Mademoiselle Papillon – Alia Cardyn

Résumé

Gabrielle, 30 ans, infirmière, s’occupe de grands prématurés dans un service de néonatologie intensive. L’univers de la jeune femme s’est réduit aux quelques mètres carrés de sa salle, la salle 79, où elle glisse lentement dans l’indifférence, lorsqu’elle découvre l’histoire de Mademoiselle Papillon. En 1920, dans une France ravagée par la Première Guerre mondiale, cette infirmière de la Croix-Rouge est envoyée au dispensaire de Vraignes-en-Vermandois. Alors qu’elle tente de mener à bien sa mission, la vision des enfants qui succombent dans la rue l’obsède. Une ambition se forme et prend bientôt toute la place : elle doit bâtir une maison pour les protéger. Lorsqu’elle franchit le seuil de la sublime abbaye de Valloires, Mademoiselle Papillon est convaincue d’approcher son rêve. Ce roman mêle le destin de deux infirmières et met en lumière une femme exceptionnelle : Thérèse Papillon, qui a sauvé des milliers d’enfants et a été reconnue Juste parmi les Nations. Après avoir mené une véritable enquête – en néonatologie mais aussi auprès de ceux qui ont connu Thérèse Papillon –, Alia Cardyn livre un hommage sensible et lumineux aux femmes qui ont l’audace d’incarner le changement.

Avis

Mademoiselle Papillon est un roman à deux voix, l’une retraçant la vie de Thérèse Papillon, une infirmière dévouée à la cause des enfants sur fond de première moitié du XXème siècle, l’autre narrant le quotidien de Gabrielle, une infirmière néonatale à qui son travail inspire une profonde lassitude.

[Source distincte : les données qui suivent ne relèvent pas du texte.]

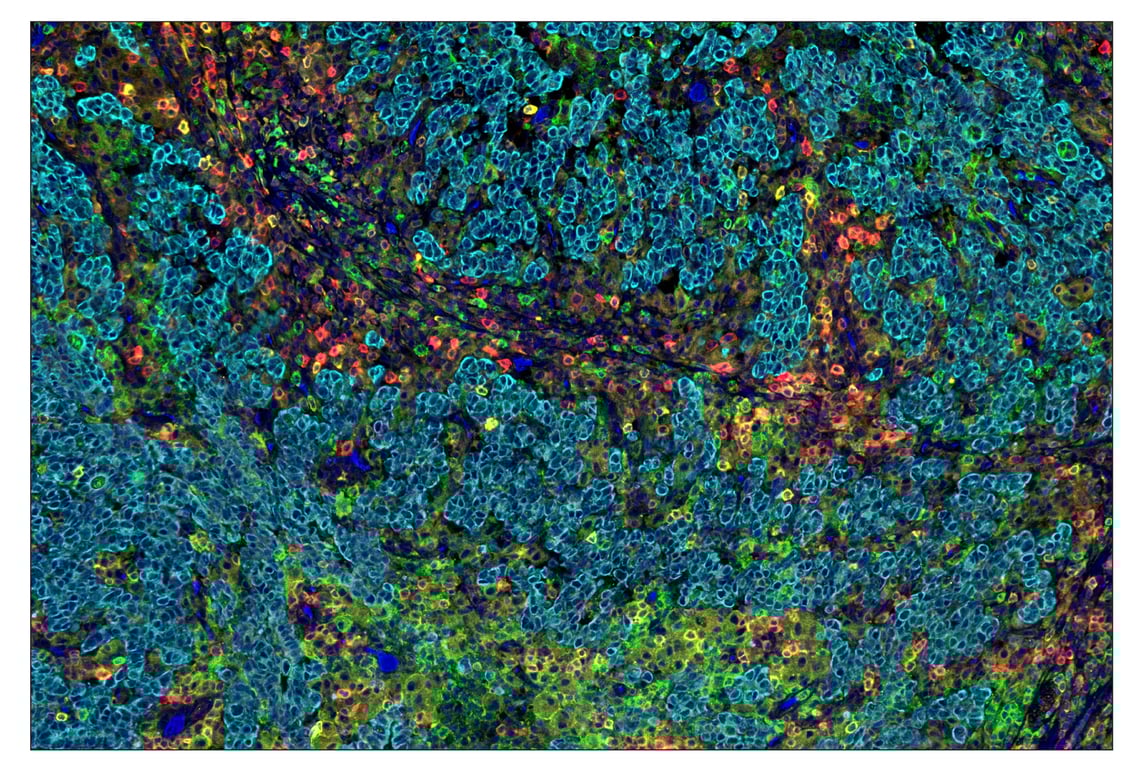 Immunohistochemistry Image 1: CD16 (D1N9L) & CO-0031-594 SignalStar<sup>™</sup> Oligo-Antibody Pair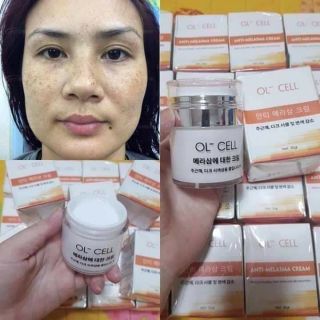 OL-CELL hút nám tàn nhang chính hãng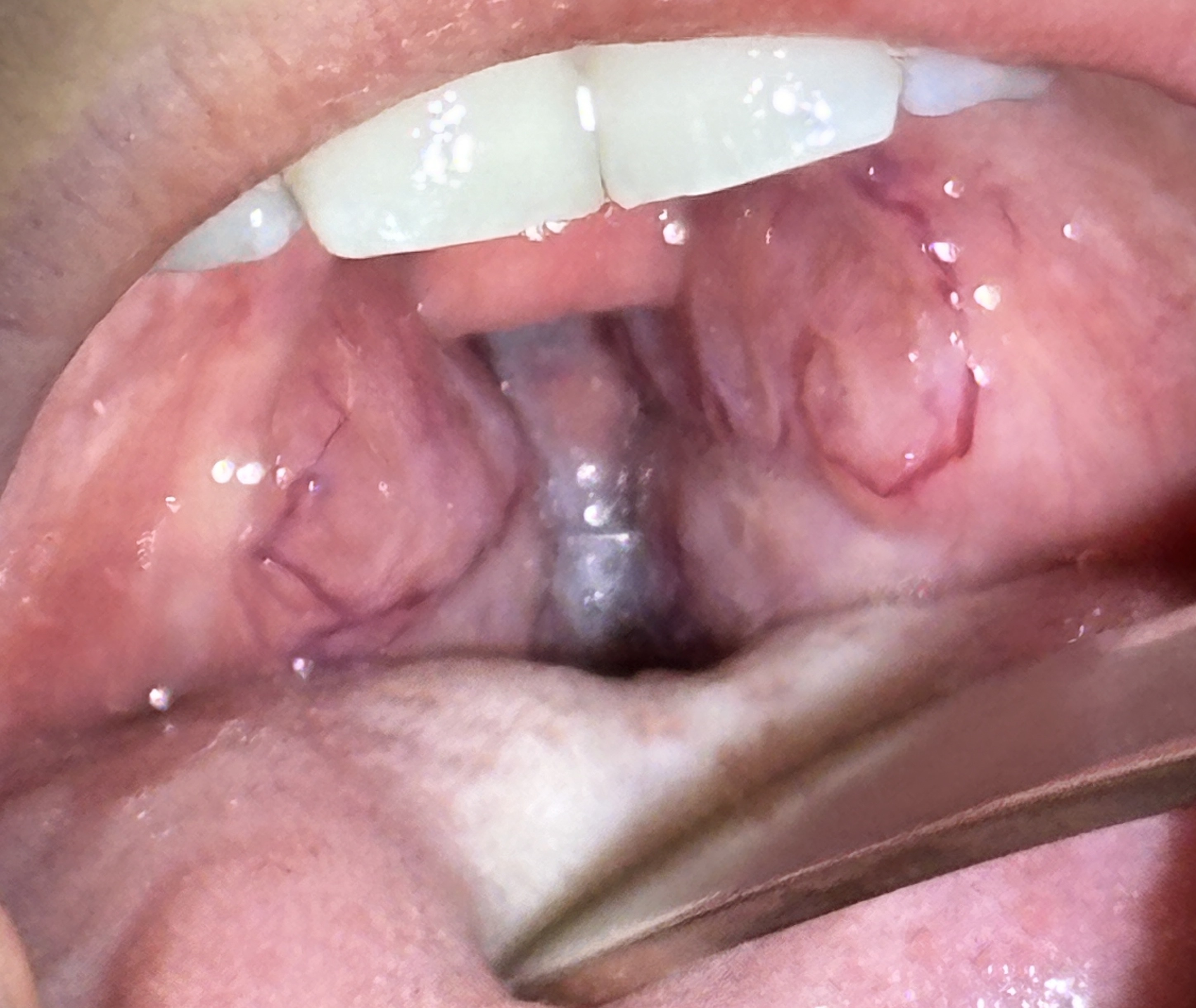 IMG_0387 - コピー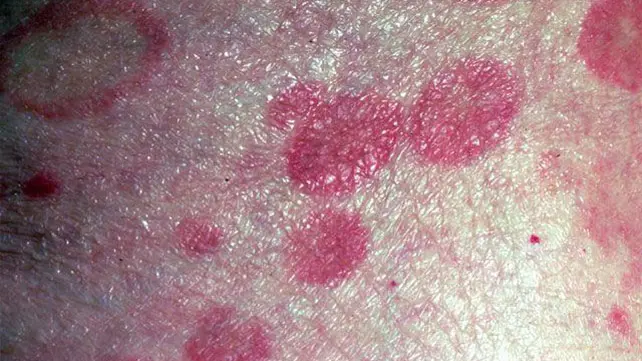 الفُطار الفطراني - احد انواع بقع سرطان الجلد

Sur le papier, ce roman, de par les thèmes qu’il aborde, avait tout pour être poignant, mais je n’ai malheureusement pas ressenti d’émotion à la lecture. À vrai dire, je n’ai pas du tout accroché à la narration qui ne m’a pas donné l’impression de lire une histoire, mais plutôt un enchaînement de scénettes avec un fil conducteur commun.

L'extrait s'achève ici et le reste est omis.